Noch einmal böse Beobachtungen eines Wanderpredigers

Sie liegt da. Immerhin. In jeder Kirche ist sie vorhanden. Kein Altar ohne Altarbibel. Insofern ist sie unverzichtbares Inventar offenbar. Aber das will noch nichts heißen. Da darf man sich nicht zu früh freuen. Es konnte sich auch um eine Fata Morgana handeln. Zumindest um eine optimistische Täuschung. Dass sie da ist, das garantiert noch lange nicht ihr Dasein. Was ihren Stellenwert betrifft, ihre Funktion, ihre Bedeutung im Leben der Gemeinde, die sich zum Gottesdienst trifft, sagt ihre bloße Anwesenheit nicht unbedingt, dass sie auch wesentlich ist.
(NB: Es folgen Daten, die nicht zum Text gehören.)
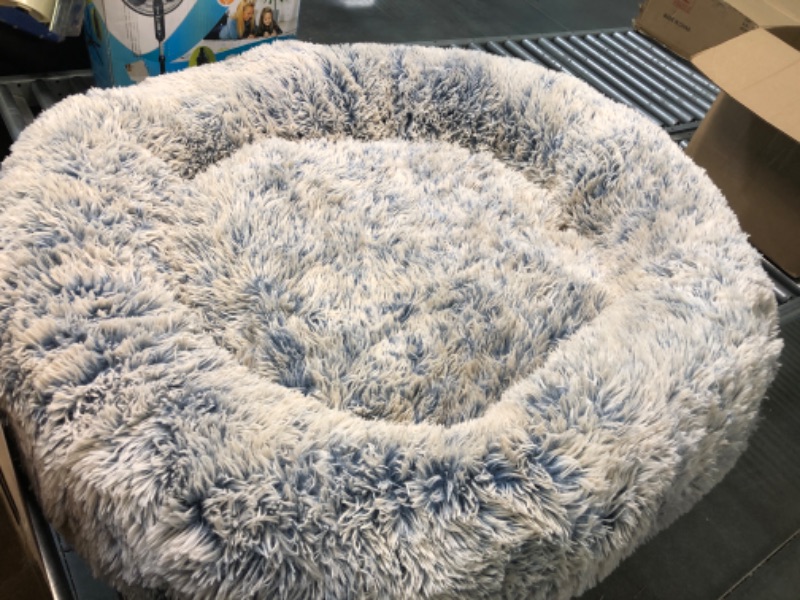 Photo 4 of Best Friends by Sheri The Original Calming Donut Cat and Dog Bed in Shag Fur Denim, Extra Large 45x45 Shag Denim Extra Large 45" x 45" Bed Only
Da muss der Wanderprediger auf alles Mögliche und sogar auf alles Unmögliche gefasst sein. Und oft ist der Überraschungseffekt sehr groß. Es kann nämlich sein, dass sie seit gefühlten hundert Jahren schon darauf reduziert worden ist, nur noch da zu liegen. Womöglich sogar aufgeschlagen. Aber sie ist es nicht mehr gewohnt, angefasst zu werden. Sie erschreckt sich zu Tode, wenn man sie berührt.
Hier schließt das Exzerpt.